It's full steam ahead on our LSTA grant project, Public Health in Oregon: Accessing Historical Data for Scientific Discovery.
Over the past few weeks, our graduate student assistants Sherra Hopkins and Rachel Blume started scanning collections Max and I selected, and creating metadata for the resulting digital objects.
The first round of digitization included our 1891-1901 record of deaths, a rich collection of data that we think will interest many researchers. I was fascinated to look at these scans in detail, which tell us so much about the state of public health in our state in the late 19th century.

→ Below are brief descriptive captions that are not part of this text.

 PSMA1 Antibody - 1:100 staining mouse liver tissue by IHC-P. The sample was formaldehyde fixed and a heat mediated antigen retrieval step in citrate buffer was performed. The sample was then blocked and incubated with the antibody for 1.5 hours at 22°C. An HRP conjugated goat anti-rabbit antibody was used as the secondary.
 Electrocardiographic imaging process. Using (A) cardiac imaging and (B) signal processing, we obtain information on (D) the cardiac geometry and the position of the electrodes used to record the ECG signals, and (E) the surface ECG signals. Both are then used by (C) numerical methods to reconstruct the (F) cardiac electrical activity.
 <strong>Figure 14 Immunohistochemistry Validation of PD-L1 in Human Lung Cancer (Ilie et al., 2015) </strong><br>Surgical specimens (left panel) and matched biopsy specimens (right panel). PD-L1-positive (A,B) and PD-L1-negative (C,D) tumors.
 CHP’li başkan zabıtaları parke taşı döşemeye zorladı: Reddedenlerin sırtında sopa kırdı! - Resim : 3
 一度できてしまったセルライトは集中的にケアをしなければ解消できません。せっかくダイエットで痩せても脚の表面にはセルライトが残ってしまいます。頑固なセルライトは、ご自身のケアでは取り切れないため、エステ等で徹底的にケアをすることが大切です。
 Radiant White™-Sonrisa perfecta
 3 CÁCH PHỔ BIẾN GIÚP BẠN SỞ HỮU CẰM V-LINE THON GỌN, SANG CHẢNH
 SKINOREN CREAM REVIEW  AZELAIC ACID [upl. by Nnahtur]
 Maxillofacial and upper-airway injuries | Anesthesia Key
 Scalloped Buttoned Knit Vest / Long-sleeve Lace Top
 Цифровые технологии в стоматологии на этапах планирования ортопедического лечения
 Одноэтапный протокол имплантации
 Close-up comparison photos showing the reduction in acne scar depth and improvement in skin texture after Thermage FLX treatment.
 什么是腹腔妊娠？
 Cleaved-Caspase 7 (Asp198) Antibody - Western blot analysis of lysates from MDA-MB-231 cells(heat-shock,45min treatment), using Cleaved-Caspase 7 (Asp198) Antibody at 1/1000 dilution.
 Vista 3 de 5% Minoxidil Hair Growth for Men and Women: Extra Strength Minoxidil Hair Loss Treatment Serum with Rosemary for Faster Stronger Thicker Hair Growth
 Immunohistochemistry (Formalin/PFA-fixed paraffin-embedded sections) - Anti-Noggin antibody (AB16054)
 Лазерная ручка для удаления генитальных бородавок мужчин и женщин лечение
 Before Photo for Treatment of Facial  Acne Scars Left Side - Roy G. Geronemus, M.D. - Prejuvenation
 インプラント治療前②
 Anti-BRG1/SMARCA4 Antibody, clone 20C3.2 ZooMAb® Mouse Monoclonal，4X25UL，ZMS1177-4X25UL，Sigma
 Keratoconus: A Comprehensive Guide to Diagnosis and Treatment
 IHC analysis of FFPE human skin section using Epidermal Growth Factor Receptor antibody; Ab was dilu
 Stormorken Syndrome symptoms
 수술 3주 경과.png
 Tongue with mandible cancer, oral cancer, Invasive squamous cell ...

Unsurprisingly, we see many deaths from tuberculosis. It's interesting that it's variously described as "tuberculosis," "phthisis pulmonalis," and "consumption." What do the differences in terminology reflect? Were these terms understood differently, or did it just depend on who was reporting the information, and what term they preferred?
Also fascinating is a report on a woman named Mary Preiss, who "committed suicide by taking carbolic acid." Her place of death is "French Flora Oberle's establishment." I immediately suspected that the establishment was a brothel and that Mary was a prostitute. Some quick research I did on the Oberle family of Portland supports that hunch so far!
There are over 100 more scans of these records waiting in the wings, all with some amazing stories to tell about people in Portland. Soon we hope to be able to show the process of converting these analog materials into a machine-readable dataset!